* [WHAT YOU NEED TO DO]
Give all of the listing again word for word, with images excluded.

* [DATASET EXCERPT]

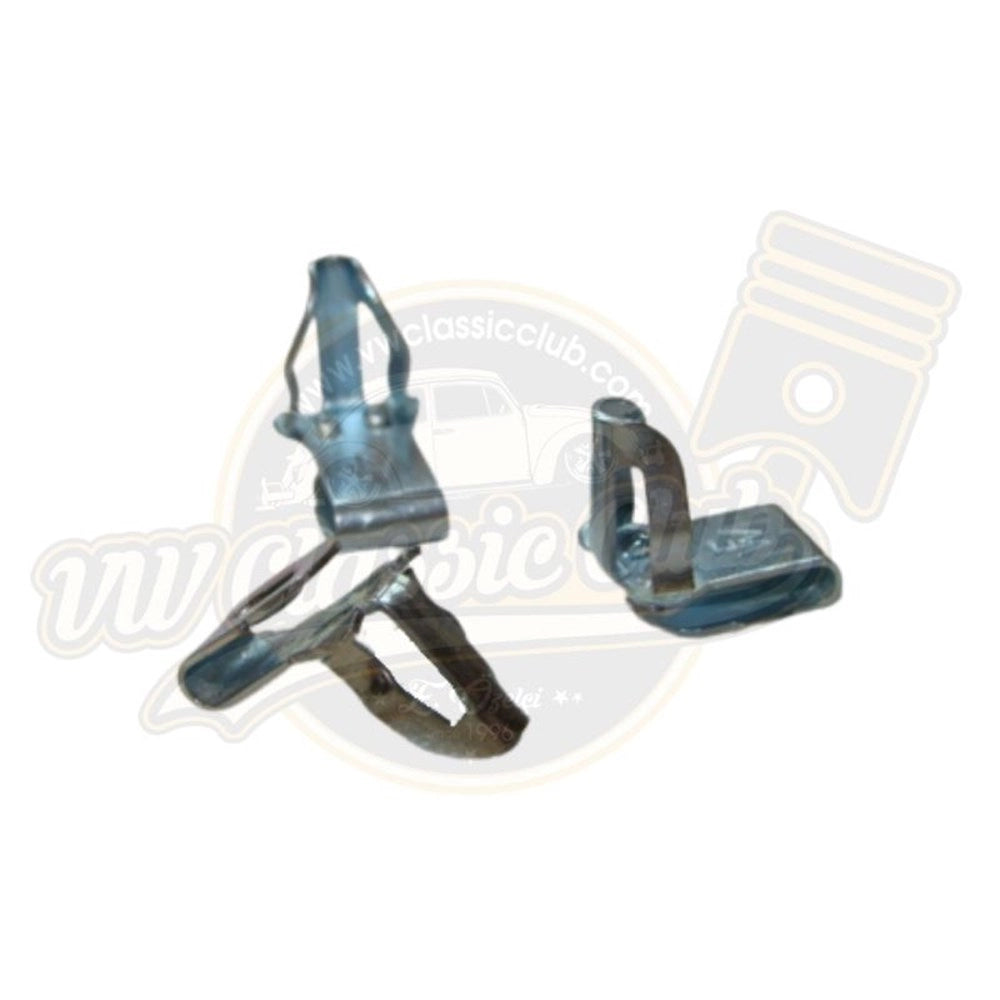 vw t2 interior door panel clip 6mm 1968 1979 4 4824 cc 1026
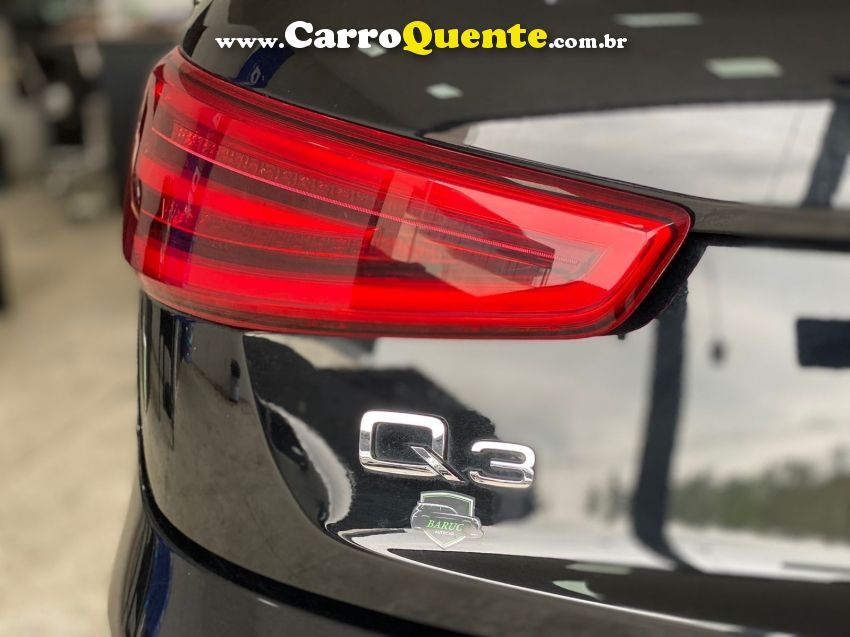 Audi Q3 2.0 TFSI AMBITION QUATTRO 4P GASOLINA S TRONIC - Loja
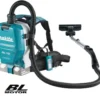 MAKITA DVC261ZX11 Ryggburen Dammsugare 2x18V| Dammsugare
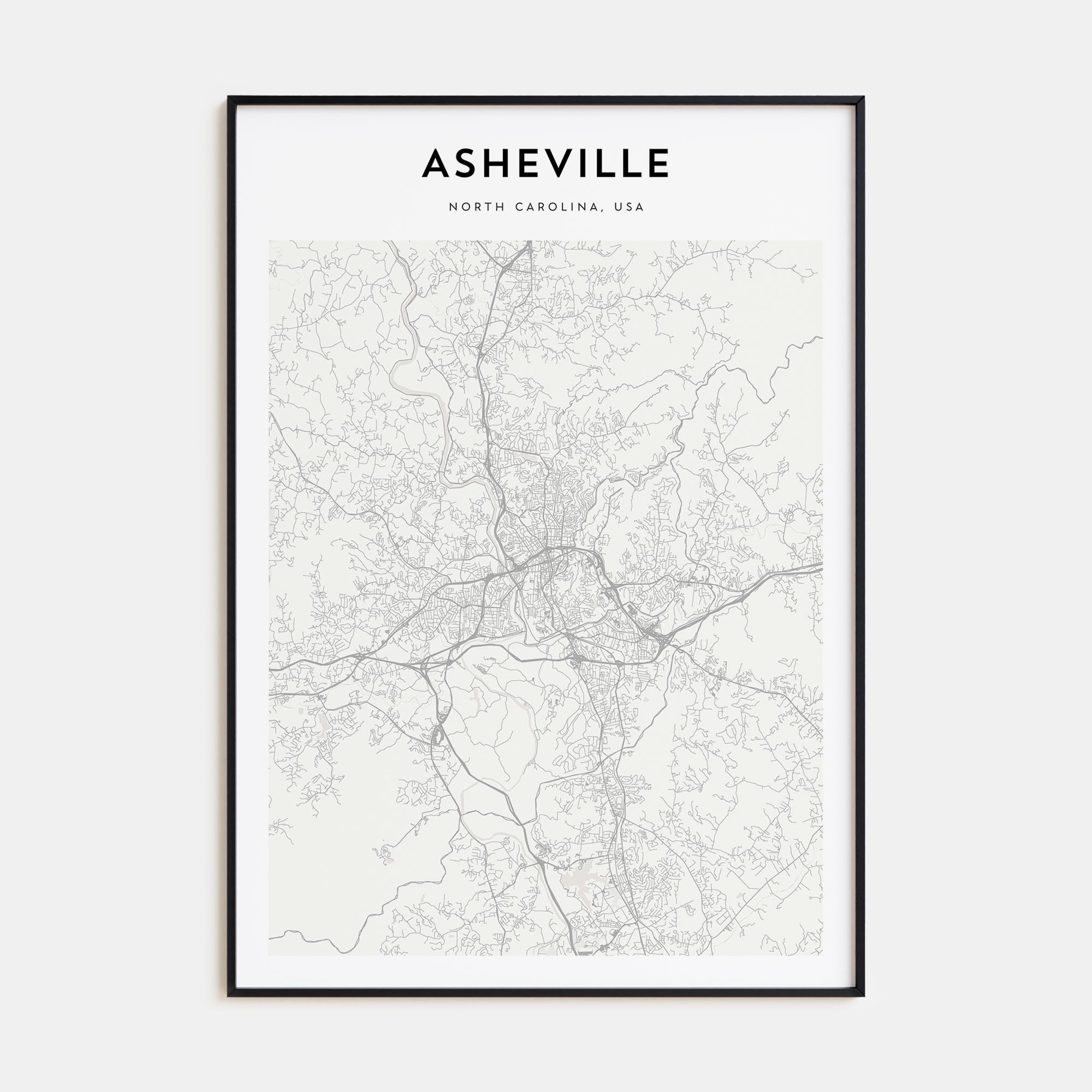 Charleston, South Carolina Drawn Poster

* [EXERCISE RESPONSE]
 vw t2 interior door panel clip 6mm 1968 1979 4 4824 cc 1026
 Audi Q3 2.0 TFSI AMBITION QUATTRO 4P GASOLINA S TRONIC - Loja
 MAKITA DVC261ZX11 Ryggburen Dammsugare 2x18V| Dammsugare
 Charleston, South Carolina Drawn Poster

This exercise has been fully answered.